What you are asked to do: Pictures in the records below must be left out. Return exactly the lines from the line with "HOMCOM Large Radiator" to the line with "Leopard Print Duvet", both included.

──────── Data supplied ────────

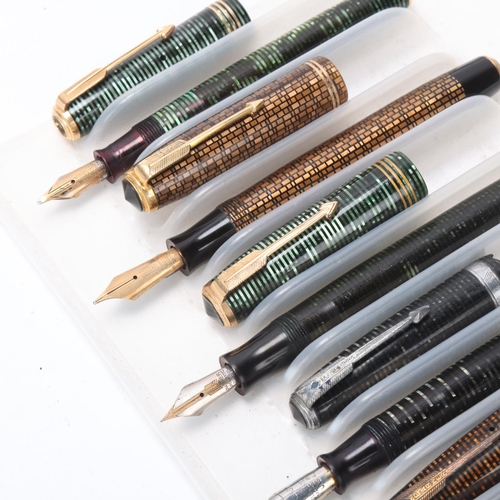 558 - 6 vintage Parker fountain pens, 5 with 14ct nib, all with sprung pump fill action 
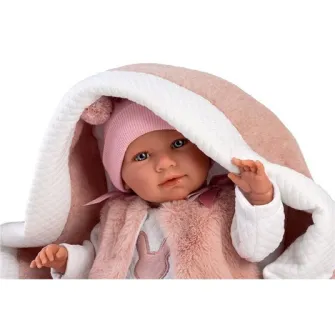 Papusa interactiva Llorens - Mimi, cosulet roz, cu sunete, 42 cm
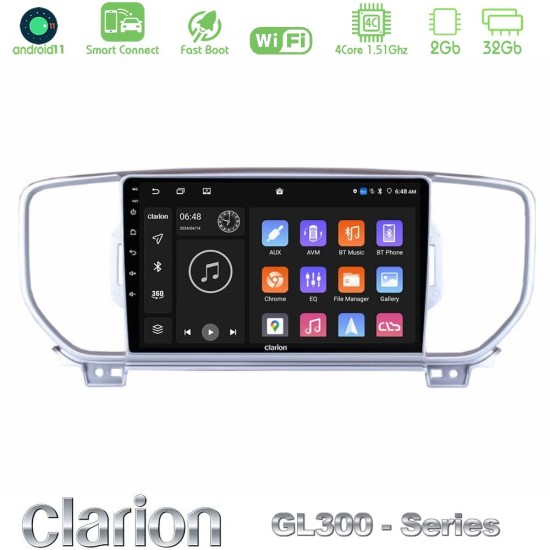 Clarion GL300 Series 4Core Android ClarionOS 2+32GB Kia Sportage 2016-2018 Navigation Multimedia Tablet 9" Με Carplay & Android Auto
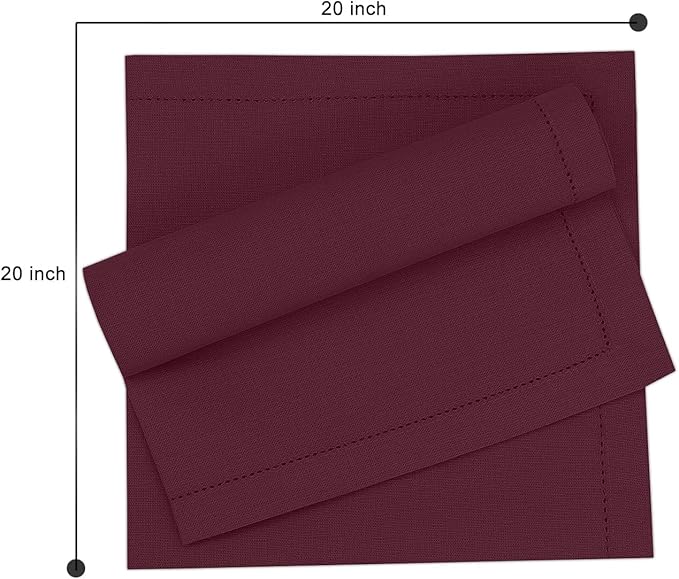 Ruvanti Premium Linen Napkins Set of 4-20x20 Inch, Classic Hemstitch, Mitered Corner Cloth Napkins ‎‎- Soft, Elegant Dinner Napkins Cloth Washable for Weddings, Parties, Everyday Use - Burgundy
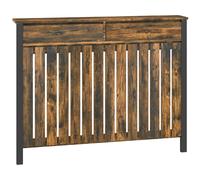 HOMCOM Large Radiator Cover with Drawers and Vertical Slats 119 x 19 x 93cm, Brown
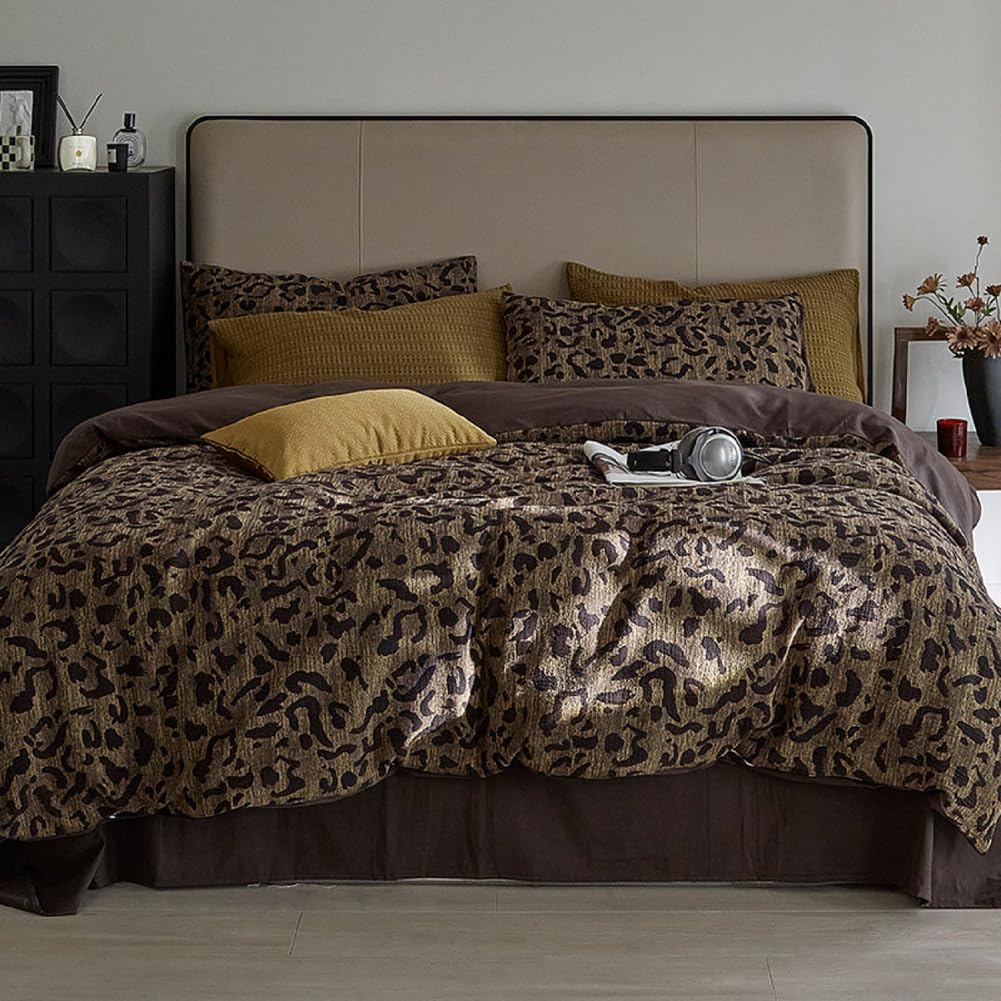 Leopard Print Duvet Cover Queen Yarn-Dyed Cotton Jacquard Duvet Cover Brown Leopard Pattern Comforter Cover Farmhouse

────────
──────── Data supplied ────────

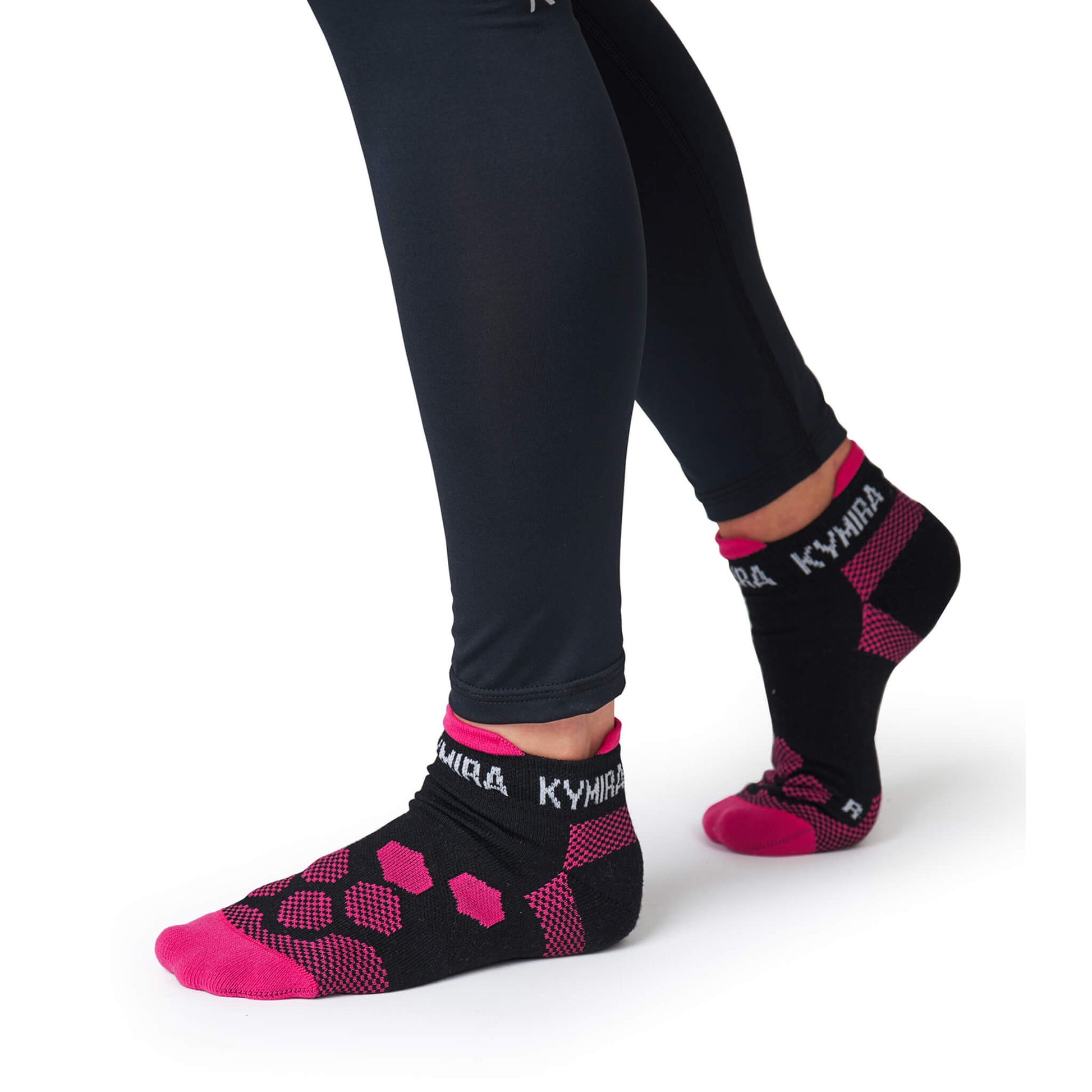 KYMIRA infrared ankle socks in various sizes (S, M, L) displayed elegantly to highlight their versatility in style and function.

────────

Problem solution:
 HOMCOM Large Radiator Cover with Drawers and Vertical Slats 119 x 19 x 93cm, Brown
 Leopard Print Duvet Cover Queen Yarn-Dyed Cotton Jacquard Duvet Cover Brown Leopard Pattern Comforter Cover Farmhouse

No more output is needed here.